This page contains a pushdown list of curiosities, miscellany, recommendations, and generally fun stuff. It's not quite a blog (no RSS feed, sorry) but I try to keep it updated with whatever has caught my eye recently.
- In the The Center For Fiction's online literary magazine, The Literarian, a short essay about Kipling. (11/13/2011)
- Shades of Eadward Muybridge: check out this slo-mo video of dogs tracking, leaping, snapping up, swallowing and licking their chops over a treat. All in all, a fascinating motion study. My favorite image occurs at 0:50. And yes, it's a commercial, but the kind that offers a worthy experience in exchange for a moment of our attention. Created by the advertising firm TWBA/Toronto using a Phantom high-speed video camera -- the same device that was used to capture the slow motion explosion sequences early in the The Hurt Locker. Apparently the concept here was inspired by a Pleix video from 2006. (3/18/2010)

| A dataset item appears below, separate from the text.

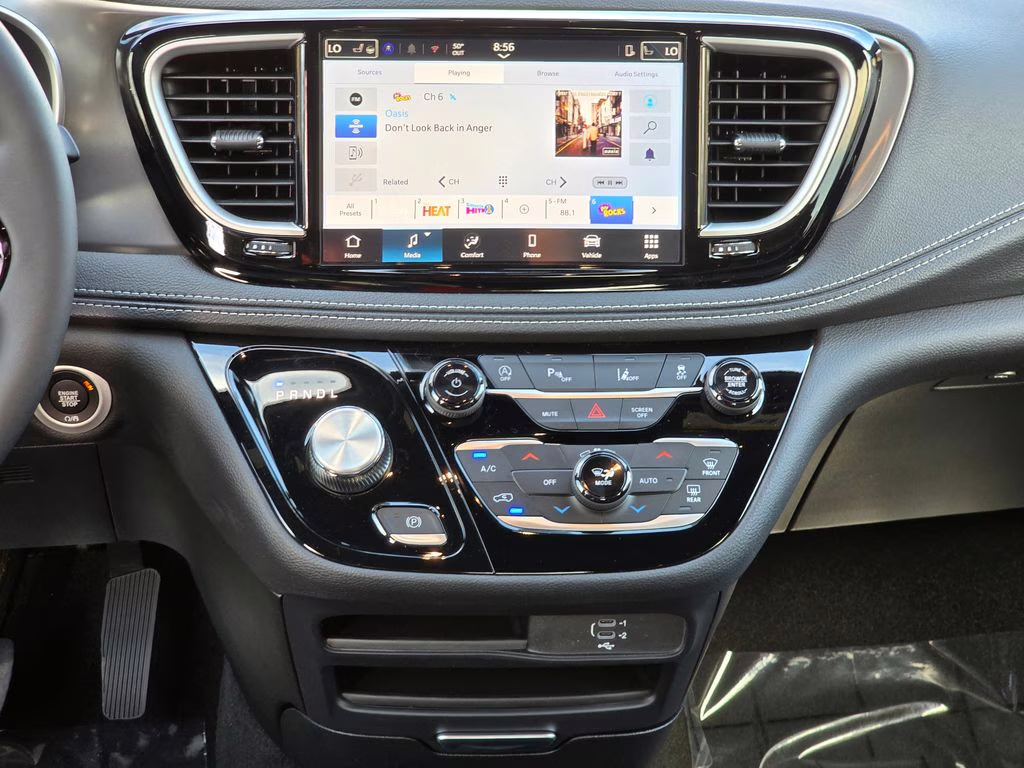 2026 Diamond Black Crystal Pearlcoat Chrysler Pacifica Select FWD Van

- Recently posted on the Book Bench blog of the New Yorker was a version of this 2007 YouTube video, showing of a pair of foxes playing with an Akita. According to the original poster of the video (drjoeri) the location is "somewhere in the north of France, near the sources of the Meuse (Maas)." The foxes were apparently rescued kits and semidomesticated. In a comment, drjoeri says, "The little foxes were found i the field, and more or less adopted by my brother who lives there. They survived with eggs and minced meat. The male was shortly after shot by a hunter. Hunters in France are ferocious and shoot everything thjat moves. The little girl - Yashi - made her hole in the garden and still lives there." (1/18/2010).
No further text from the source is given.